Dioncounda Traoré a officiellement pris à son propre compte l’interpellation de notre confrère, sa détention dans les locaux de la Sécurité d’Etat et de la Brigade d’investigation judiciaire et ; éventuellement, son séjour en prison.
Dans le journal télévisé de l’Ortm du mercredi 13 mars, il a dit clairement : « …Nous voulons en savoir plus. S’il parle et qu’il n’y a rien derrière, il sera relaxé. Mais, si quelque chose se cache derrière, il sera mis à la disposition de la justice ».
Apparemment, c’est ce dernier cas qui se dessine, car la SE a transféré Daou à la Bij qui l’a entendu et retenu dans ses locaux. Comme attendu, la Bij l’a présenté, hier, devant le procureur de la commune IV.
Dioncounda aurait-il la mémoire courte en voulant coûte que coûte salir la dignité d’un journaliste, dans l’exercice de ses fonctions ?
Jamais, un président malien, plus que Dioncounda Traoré, n’a reçu autant de soutien et de sympathie de la part de la presse malienne. Du combat aux côtés de la Cedeao pour sa légitimation comme président par intérim à son agression dans ses bureaux jusqu’à son retour de Paris après sa guérison ; bref tout au long du processus de transition. Pour qu’il sorte la tête de l’eau, la presse malienne a constamment rappelé au président par intérim ses faiblesses et son manque de détermination vis-à-vis du capitaine de l’ex junte et de l’ancien Premier ministre Cheick Modibo Diarra afin qu’il se réveille pour reprendre les rênes du pays qui lui échappaient petit à petit.
Plus récemment encore, la presse malienne a salué, à sa juste valeur, l’intervention française au Mali et accompagne toujours les autorités militaires dans la diffusion (propagande ?) de l’information militaire. Que faire de plus ? Actuellement, il ne manque plus que le sang d’un journaliste malien pour la défense des intérêts de la patrie. Pour Dioncounda Traoré, voulons-nous dire.
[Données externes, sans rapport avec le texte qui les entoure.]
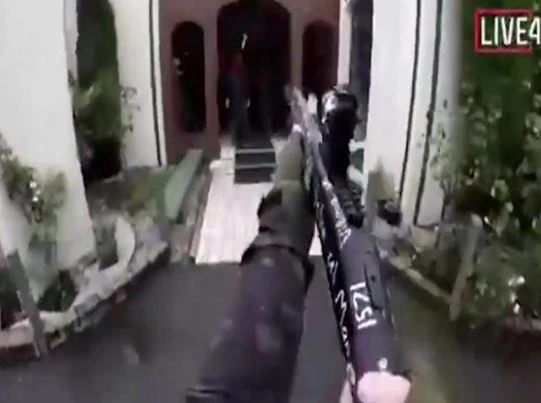 Nuova Zelanda, strage in due moschee. Decine di morti e feriti. Spunta il nome di Luca Traini
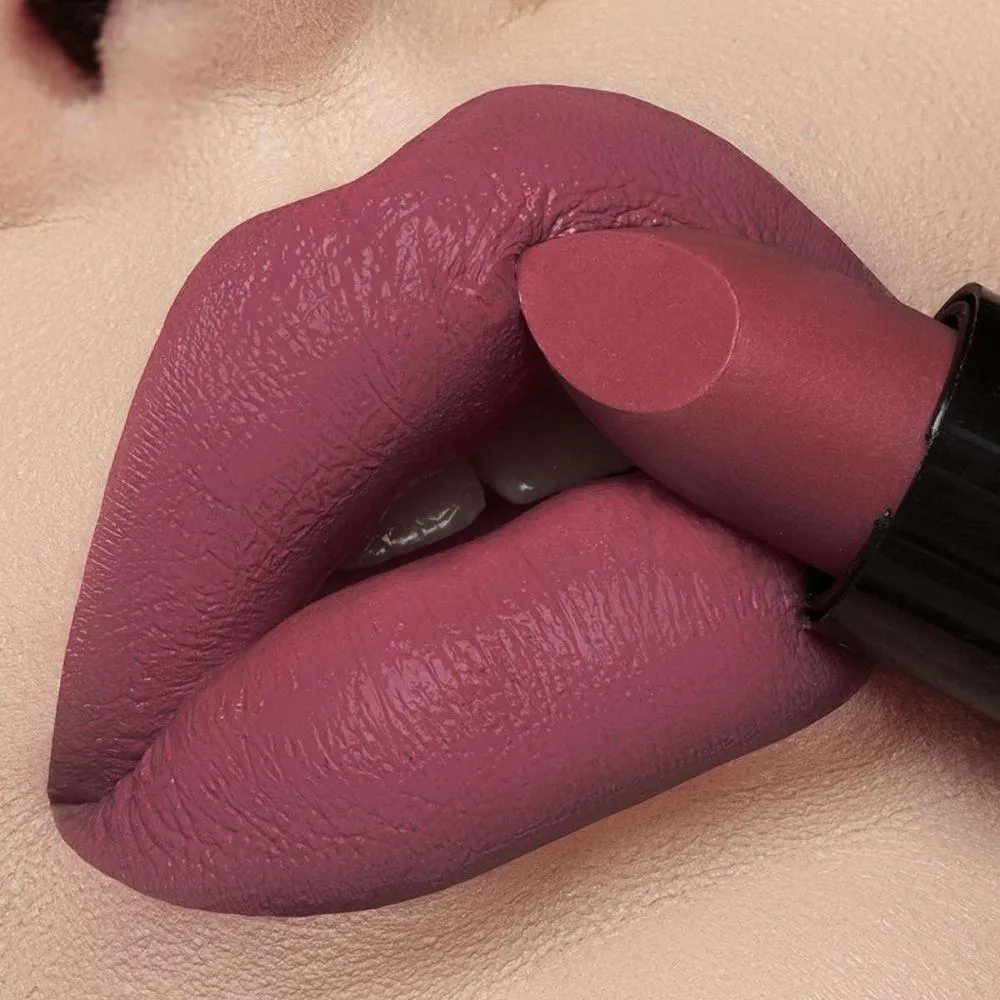 BATOM BALA VEGANO MATTE 4G DAILUS ACABAMENTO MATTE INTENSO E LONGA DURAçãO DESINIBIDA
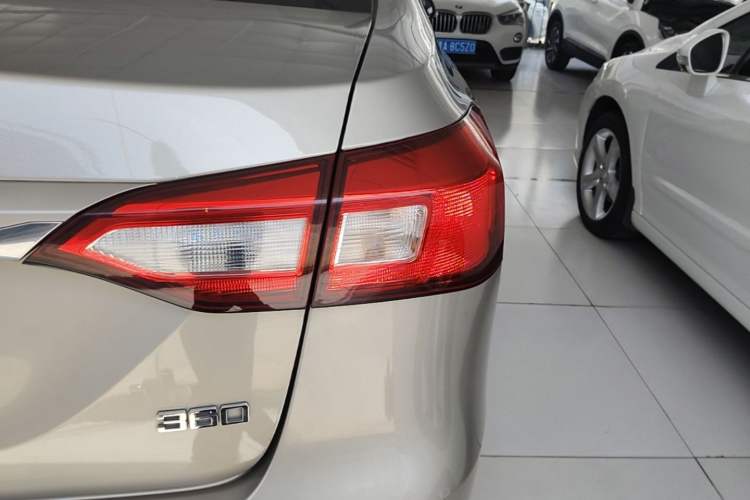 Used Roewe 360 2017 1.5L Automatic Luxury Edition Right Rear Taillight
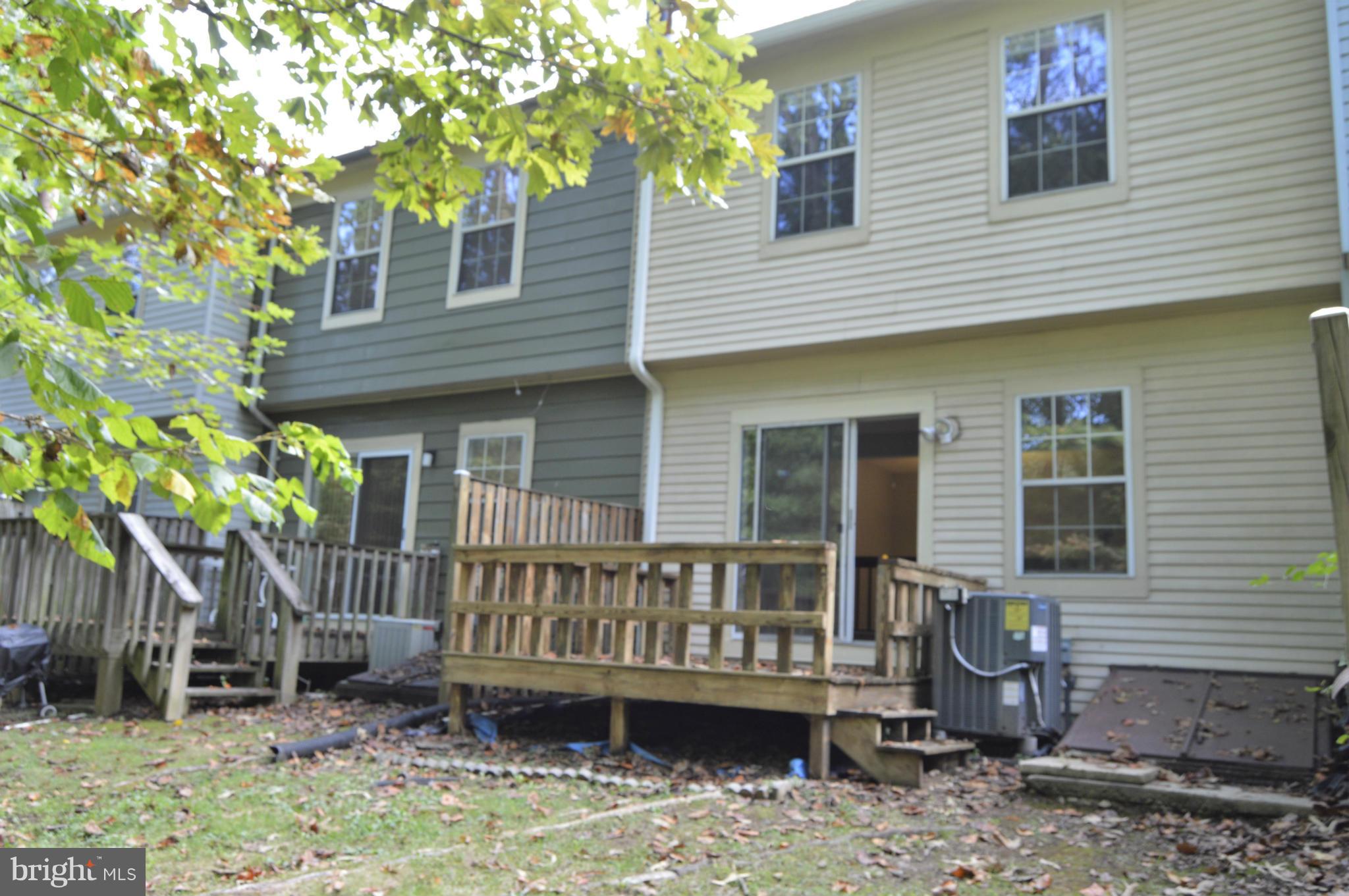 GREEN OAK TOWNES - Residential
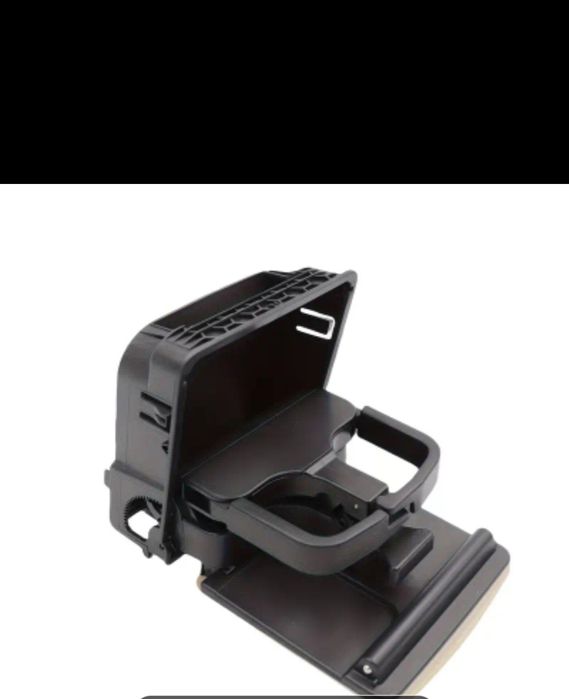 Поставка за чаши за Vw Golf MK6  и Jeta MK5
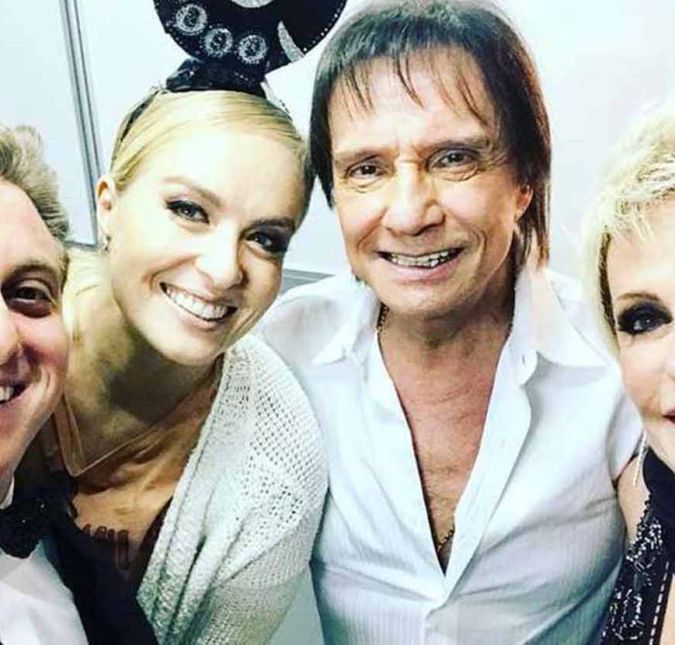 Diversas celebridades se reuniram em maio de 2017 para gravar o especial Chacrinha, o Eterno Guerreiro. O programa, que celebra o centenário do inesquecível Abelardo Barbosa, foi ao ar em agosto no canal Viva e em setembro, na Globo. Angélica e Luciano Huck obviamente não ficaram de fora da histórica festa! No clique acima, o casal aparece junto de Roberto Carlos e Ana Maria Braga nos bastidores.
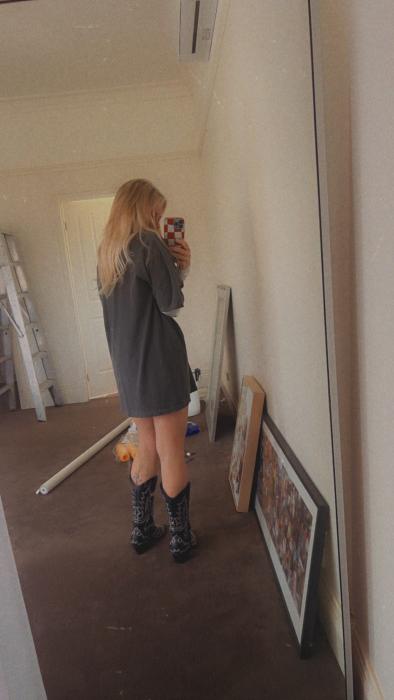 Customer wearing Muse extensions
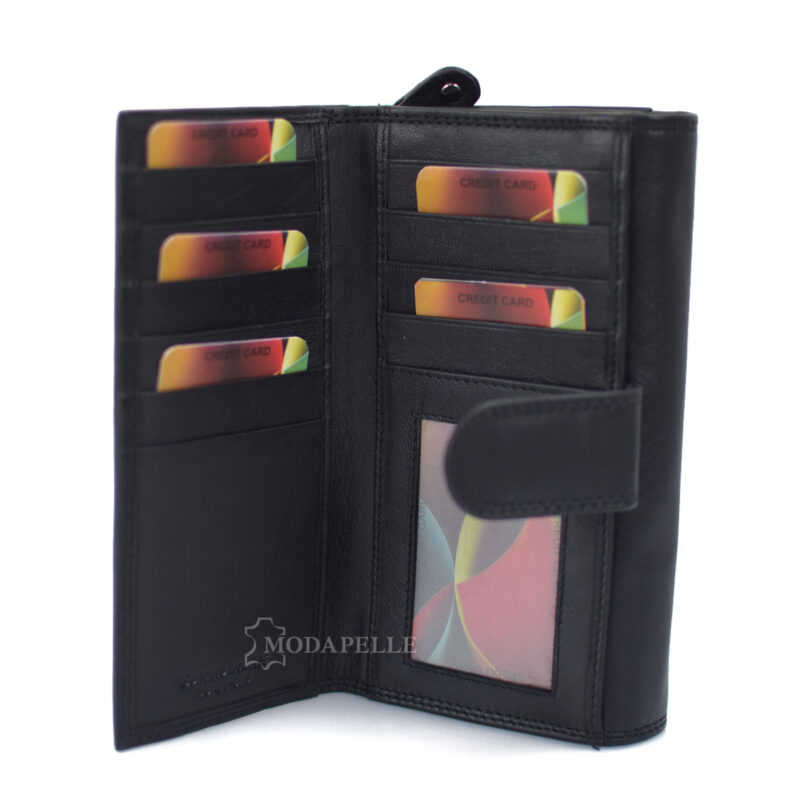 Women's leather wallet in black color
Ce capital de sympathie des journalistes maliens pour leur président va désormais à l’eau, entraînant aussi la rupture d’avec tout ce qui rime avec pouvoir et institutions. Mais, il n’est jamais trop tard pour bien faire. Dioncounda peut se ressaisir. Et il sait comment, quand et où tirer les cordes de cette seconde chance.